Before you can use sshd on Mac OS X, you'll need to enable the server and possibly open up the Mac's firewall. In addition, you'll want to know about some configuration differences as compared to most other OpenSSH installations.

SSH server startup is controlled from the Sharing pane in System Preferences, under Services, as in Figure 15-1. To enable sshd, select Remote Login and click the Start button.

By default, the Mac OS X personal firewall will block SSH connections from the outside world. If you have this firewall enabled, you must manually permit SSH traffic through it. This is done from the Sharing pane in System Preferences, under Firewall, as in Figure 15-2.

In most Unix-like operating systems, the OpenSSH server runs as a daemon, listening for SSH connections. On Mac OS X, however, sshd is controlled by the super-server daemon, xinetd. [5.3.3.2] Whenever an SSH client attempts to contact sshd on TCP port 22, xinetd notices the attempt and invokes a single instance of sshd (specifically, sshd -i) to serve that connection.

The xinetd configuration file for sshd is /etc/xinetd.d/ssh:

    # /etc/xinetd.d/ssh:
    service ssh
    {
            disable = no

            socket_type     = stream
            wait            = no
            user            = root
            server          = /usr/libexec/sshd-keygen-wrapper
            server_args     = -i
            groups          = yes
            flags           = REUSE IPv6
            session_create  = yes
    }

Note the use of the wrapper script sshd-keygen-wrapper: it will generate new host keys if they are missing, as after a fresh OS install.
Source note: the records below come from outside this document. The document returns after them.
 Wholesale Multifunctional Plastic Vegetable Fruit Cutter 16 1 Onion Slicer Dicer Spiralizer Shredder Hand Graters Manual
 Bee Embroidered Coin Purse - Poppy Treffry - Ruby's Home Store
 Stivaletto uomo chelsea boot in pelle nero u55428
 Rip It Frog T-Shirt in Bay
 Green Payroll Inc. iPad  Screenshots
On Mac OS X, the serverwide configuration files are found in the /etc directory instead of the more common /etc/ssh: for example, the serverwide configuration file is /etc/sshd_config rather than /etc/ssh/sshd_config.

The SSH software is a modified version of OpenSSH maintained by Apple; they backport security fixes to it whenever required.
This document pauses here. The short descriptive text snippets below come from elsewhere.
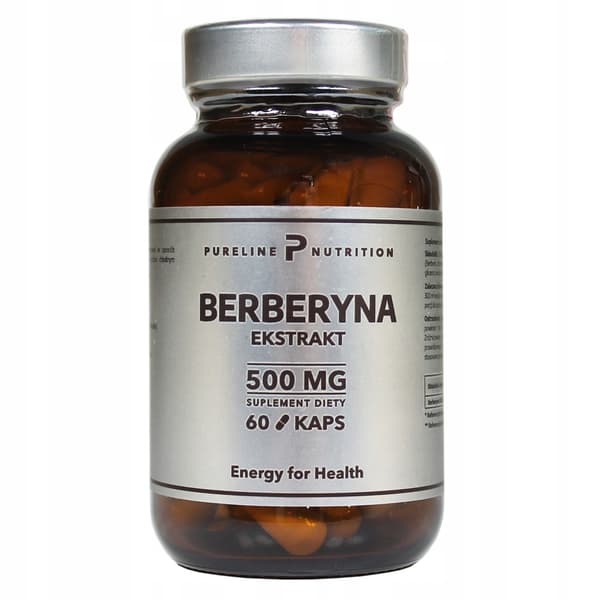 BERBERINEXTRAKT 500 mg VIKTMINSKNING Pureline Nutrition 60 kapslar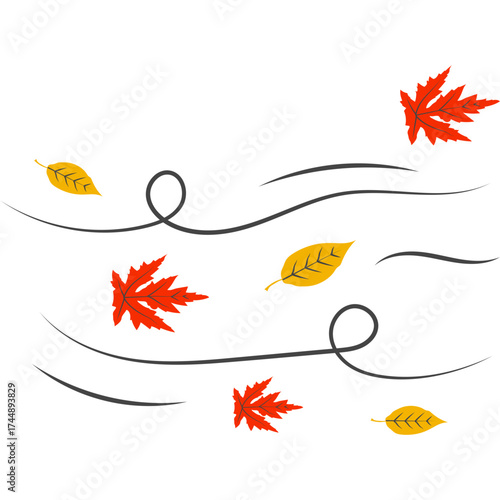 Autumn Leaves Blowing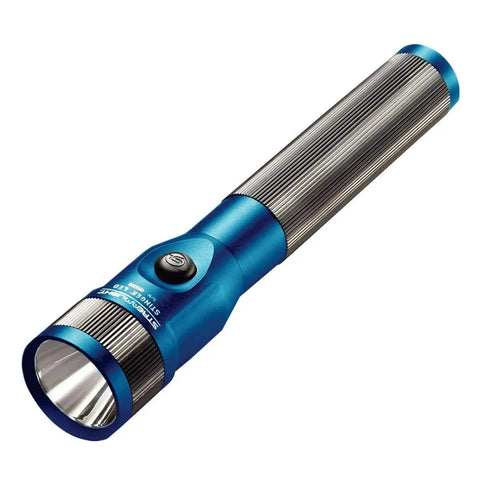 Blue Powerful LED Tactical Flashlight 75611 Handheld Beam with Waterproof Aluminum Build and Long Battery Life
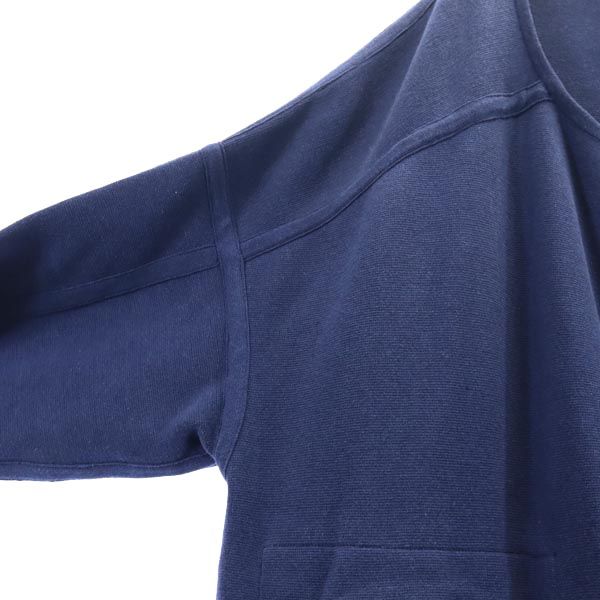 UNUSED アンユーズド 長袖 デザイン ロング カーディガン 3 ネイビー メンズ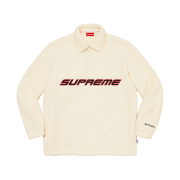 Supreme Polartec L/S Polo Natural - 22FW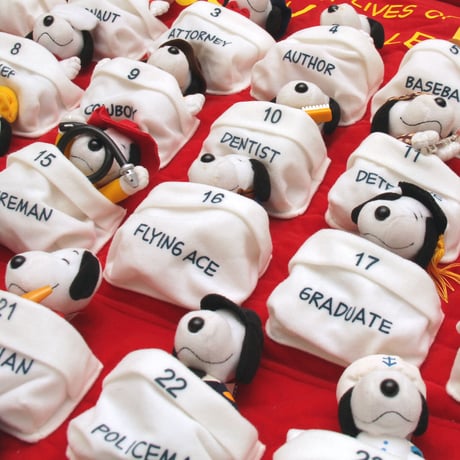 McDonald's / 00's Vintage, Snoopy Plush Doll Calendar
The OS X OpenSSH build has protocol 2 Kerberos support for both user and server authentication, following the major Internet-Drafts on these (draft-ietf-secsh-gsskex and draft-ietf-galb-secsh-gssapi). It implements user authentication via the gssapi and external-keyx methods; it does not yet have the improved gssapi-with-mic method. In case a Kerberos-secured key exchange has been used for server authentication, the external-keyx method allows the userauth protocol to refer back to the previous Kerberos exchange for user authentication, skipping an unnecessary extra authentication phase.

This Kerberos support is also fully DNS-enabled, meaning it will find Kerberos authentication servers from information in the DNS if it is available. In a network of compatible and correctly configured Kerberos and OpenSSH servers, no extra configuration is needed for a plain OS X host newly attached to the network to use Kerberos for secure, single-signon client SSH connections. All that is required is to run:

    $ kinit user@REALM
    Please enter the password for user@REALM: ********
    $ ssh user@host

Place the following lines into /etc/krb5.conf to relieve the user from having to specify the realm—and if the Kerberos principal and OS X account usernames are the same, then a simple kinit will suffice:

    [libdefaults]
    default_realm        =REALM

Instead of the command-line utility kinit, you can use the OS X GUI Kerberos utility: /System/Library/CoreServices/Kerberos.app.